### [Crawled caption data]
<<<<

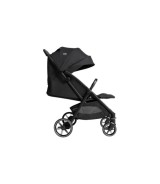 Buggy Parcel LX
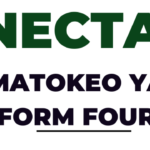 NECTA Matokeo ya Kidato cha nne 2023 CSEE 2023-24 Results Release Check Out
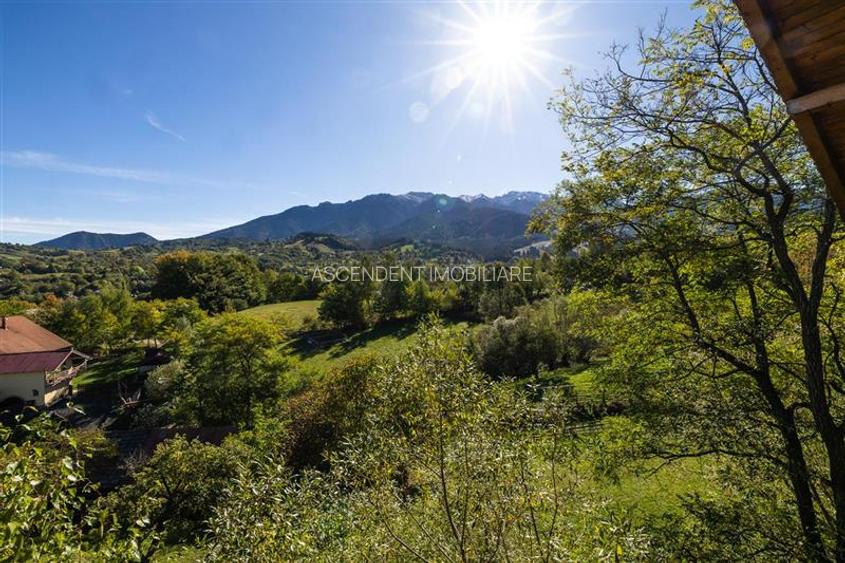 FILM! Proprietate notabila,ocazie personalizare, aprecat areal: Bran, Brasov - 24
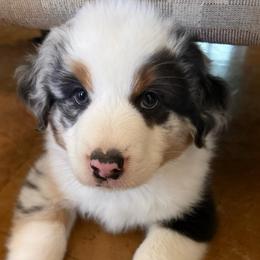 Anakin - Blue merle male Miniature Australian Shepherd puppy in Ocala, Florida from Silver River Mini Aussies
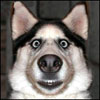 ahacazyde's Avatar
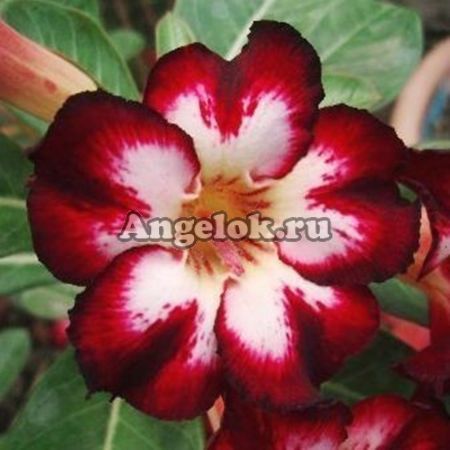 фото Адениум (Adenium obesum Super star) от магазина магазина орхидей Ангелок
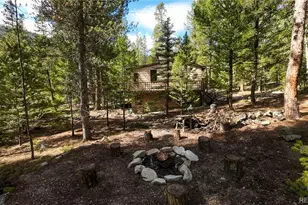 22297 Co Rd 292D, Nathrop, CO 81236 - Photo 47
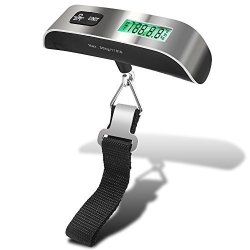 Senhai Digital Hanging Postal Luggage Scale Potable Lcd Display Scale With Tempreture Sensor 110LB Silver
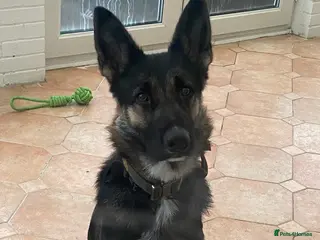 German Shepherd dogs Badger - Advert 7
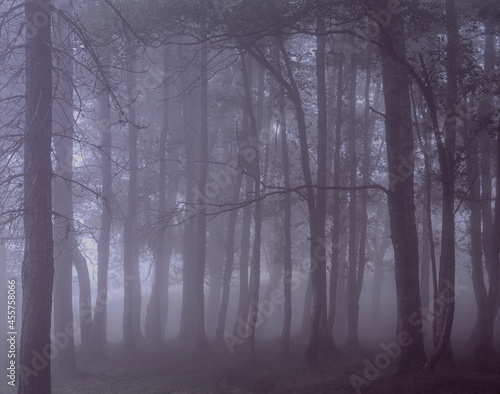 Fototapeta Naklejka Na Ścianę i Meble -  Analog foggy forest
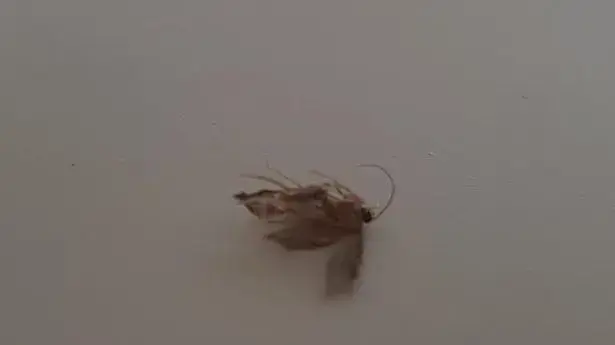 עש נתקע לבחור באוזן עש נתקע לבחור באוזן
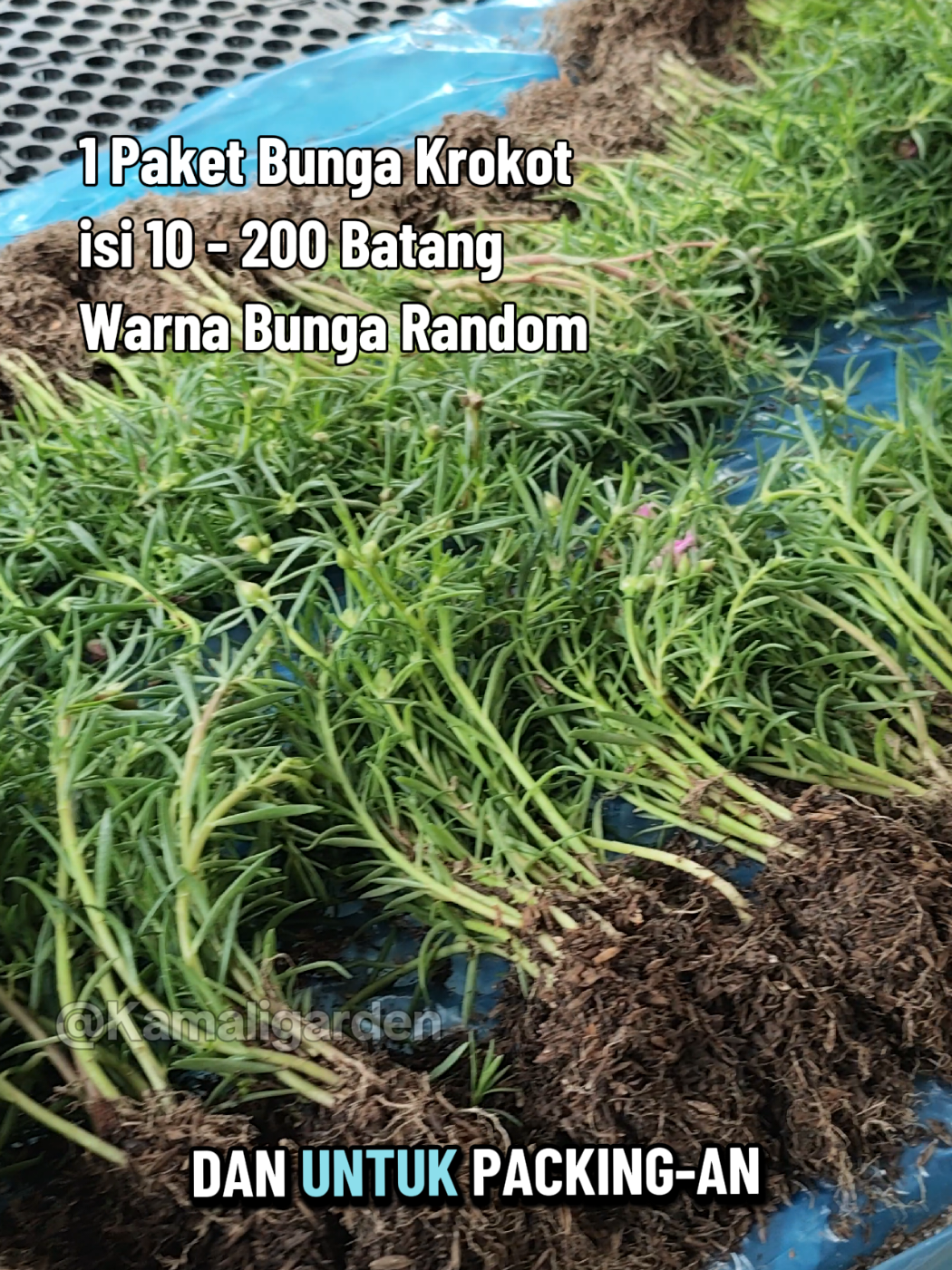 Untuk Bunga Krokot yang kami kirimkan sudah berakar yah guys, isinya bnyak loh dari dari 10-200 Batang, dan yang kami kirimkan warna bunganya random yah.  #krokot #sutrabombay #portulaca #bungakrokot #kamaligarden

>>>>

### [WHAT YOU WILL DO]
Pictures stay out. Transcribe the lines from the start of the entries above through the line with "עש נתקע לבחור באוזן עש נתקע לבחור באוזן", exactly.

### [REPLY]
 Buggy Parcel LX
 NECTA Matokeo ya Kidato cha nne 2023 CSEE 2023-24 Results Release Check Out
 FILM! Proprietate notabila,ocazie personalizare, aprecat areal: Bran, Brasov - 24
 Anakin - Blue merle male Miniature Australian Shepherd puppy in Ocala, Florida from Silver River Mini Aussies
 ahacazyde's Avatar
 фото Адениум (Adenium obesum Super star) от магазина магазина орхидей Ангелок
 22297 Co Rd 292D, Nathrop, CO 81236 - Photo 47
 Senhai Digital Hanging Postal Luggage Scale Potable Lcd Display Scale With Tempreture Sensor 110LB Silver
 German Shepherd dogs Badger - Advert 7
 Fototapeta Naklejka Na Ścianę i Meble -  Analog foggy forest
 עש נתקע לבחור באוזן עש נתקע לבחור באוזן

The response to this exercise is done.